The European Arrest Warrant must be issued from one country to another by a judicial authority. The original Swedish request for Assange’s extradition was not issued by any court, but simply by the prosecutor. This was particularly strange, as the Chief Prosecutor of Stockholm had initially closed the case after deciding there was no case to answer, and then another, highly politically motivated, prosecutor had reopened the case and issued a European Arrest Warrant, without going to any judge for confirmation.
Assange’s initial appeal up to the UK Supreme Court was in large part based on the fact that the warrant did not come from a judge but from a prosecutor, and that was not a judicial authority. I have no doubt that, if any other person in the UK had been the accused, the British courts would not have accepted the warrant from a prosecutor. The incredible and open bias of the courts against Assange has been evident since day 1. My contention is borne out by the fact that, immediately after Assange lost his case against the warrant in the Supreme Court, the British government changed the law to specify that future warrants must be from a judge and not a prosecutor. That is just one of the incredible facts about the Assange case that the mainstream media has hidden from the general public.

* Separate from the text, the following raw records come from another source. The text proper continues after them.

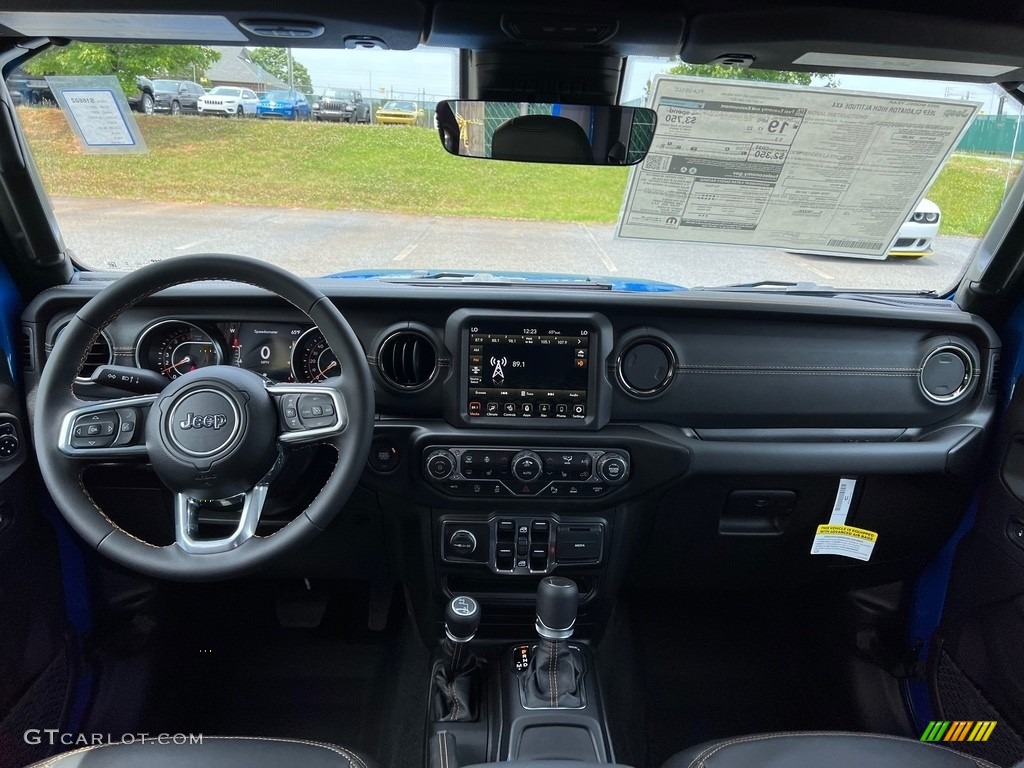 2023 Gladiator High Altitude 4x4 - Hydro Blue Pearl / Black photo #18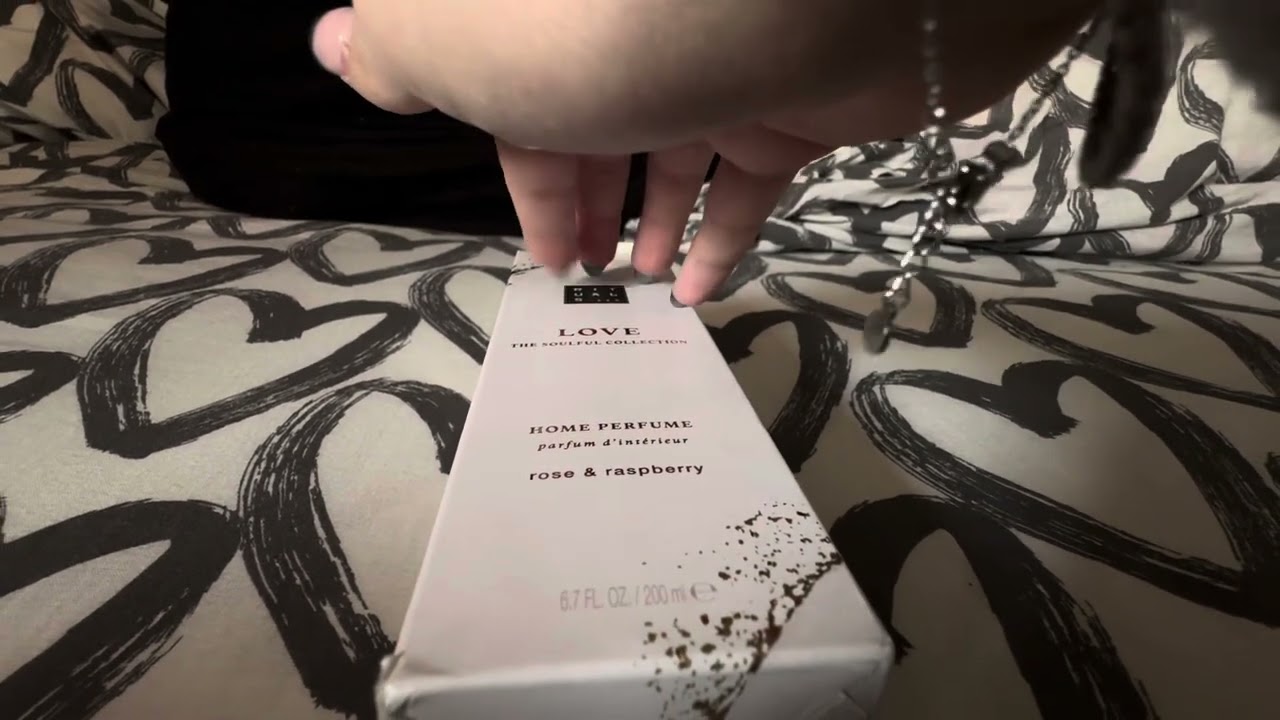 ASMR | Build up tapping and scratching on different items🤎📖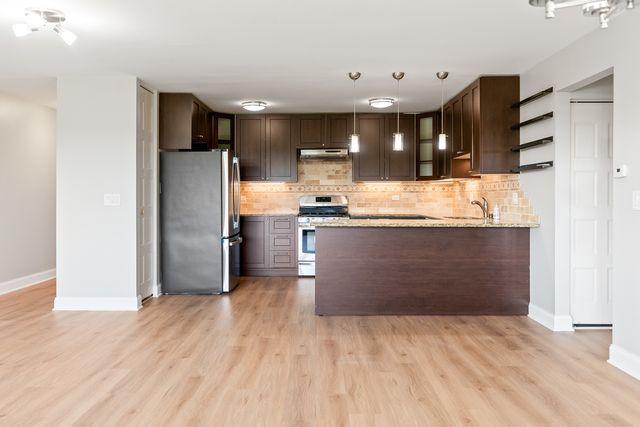 8025 W Oconnor Drive 4C, River Grove, IL 60171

The judgement against Assange in the UK Supreme Court on the point of whether the Swedish Prosecutor constituted a “judicial authority” hinged on a completely unprecedented and frankly incredible piece of reasoning. Lord Phillips concluded that in the English text of the EWA treaty “judicial authority” could not include the Swedish prosecutor, but that in the French version “autorite judiciaire” could include the Swedish prosecutor. The two texts having equal validity, Lord Phillips decided to prefer the French language text over the English language text, an absolutely stunning decision as the UK negotiators could be presumed to have been working from the English text, as could UK ministers and parliament when they ratified the decision.
I am not making this up – you will find Phillips amazing bit of linguistic gymnastics here on page 9 para 21 of his judgement.